Virou rotina nos últimos anos a constatação do enfraquecimento das democracias ao redor do mundo. A última pesquisa do Instituto Internacional para Democracia e Assistência Eleitoral (IDEA) apontou queda em pelo menos um indicador-chave do desempenho democrático nos últimos cinco anos em 85 países dos 173 pesquisados, figurando nessa lista países como EUA, Portugal, Áustria, Reino Unido e Rússia, especialmente.
No Brasil, pontualmente, o relatório destacou a polarização ampliada nas eleições de 2022 e observou que a supervisão judicial das eleições foi determinante para conter a desinformação, fato que não escamoteia alguns exageros. Ainda de acordo com o relatório, as instituições democráticas brasileiras demonstraram destacada resiliência e eficácia na contenção da erosão democrática no país, fenômeno que se destaca pela característica peculiar da degradação da democracia por dentro das Instituições, notadamente através do Poder Executivo.

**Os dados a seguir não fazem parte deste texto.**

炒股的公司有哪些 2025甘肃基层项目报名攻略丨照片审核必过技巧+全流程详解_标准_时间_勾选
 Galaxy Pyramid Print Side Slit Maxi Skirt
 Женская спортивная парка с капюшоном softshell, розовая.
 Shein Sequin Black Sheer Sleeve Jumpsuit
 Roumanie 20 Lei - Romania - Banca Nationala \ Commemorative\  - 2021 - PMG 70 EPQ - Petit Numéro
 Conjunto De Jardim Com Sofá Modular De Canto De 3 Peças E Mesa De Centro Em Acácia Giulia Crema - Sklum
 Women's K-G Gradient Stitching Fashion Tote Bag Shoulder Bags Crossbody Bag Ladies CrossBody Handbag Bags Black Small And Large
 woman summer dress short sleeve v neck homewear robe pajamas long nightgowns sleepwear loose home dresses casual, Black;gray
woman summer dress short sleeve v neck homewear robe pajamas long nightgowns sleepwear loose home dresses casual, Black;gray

Digno de nota foi a constatação do compromisso com a transparência, com a prestação de contas e o Estado de Direito, fundamentais para manter a estrutura democrática no Brasil.
Por outro lado, alguns desafios importantes foram apontados: garantir respeito aos direitos de modo geral, notadamente a liberdade de expressão sem negligenciar a desinformação; combater a corrupção; diminuir a desigualdade social; promover uma cultura do diálogo e da não polarização após uma década de declínio da democracia no país (ação que mitigará os riscos de líderes autocráticos), entre outros esforços.
Da lista descrita acima, entendo que o desafio da polarização é o mais espinhoso, seja pelo impacto provocado pela tecnologia na forma de as pessoas dialogarem ou pelo influxo no aumento das diversidades social, cultural, identitária e econômica. Segundo levantamento da agência Edelman Trust Barometer, 78% dos brasileiros avaliam que o país está mais dividido que no passado e 80% apontam que a falta de respeito mútuo cresceu. Esses percentuais superam a polarização de países como Estados Unidos, Argentina e Itália. Apenas 29% estão dispostos a ajudar alguém que pensa diferente e 22% enxergam como natural trabalhar com alguém com outra percepção de vida.
Nunca é demais lembrar que a Constituição de 1988 estipulou como objetivo fundamental da República Federativa do Brasil a construção de uma sociedade livre, justa e solidária (art.3, inciso I). Esses objetivos são impostos ao Estado e à sociedade. A solidariedade constitucional é uma convocação que nos demanda respeito às diferenças e um consenso sobreposto sobre os projetos de vida individuais. Essa imposição não exige afeto, mas respeito e consideração. Respeito e consideração por ideias diferentes é característica básica da cidadania e da democracia. Por oportuno, vale lembrar que a livre circulação de ideias diferentes não protege discurso de ódio, ofensas e incitação à violência, até porque a própria Constituição, no mesmo artigo 3°, agora no inciso IV, também afirmou que é objetivo promover o bem de todos sem qualquer tipo de preconceito.
Portanto, observamos no ano de 2023 uma democracia resiliente no país e alguma melhora na sua prática, sobretudo na perspectiva das Instituições. Já a prática democrática nas interações sociais se ressente de uma polarização ainda muito presente, desafiando o objetivo fundamental da solidariedade que vivencia sua maior crise desde a promulgação da Constituição.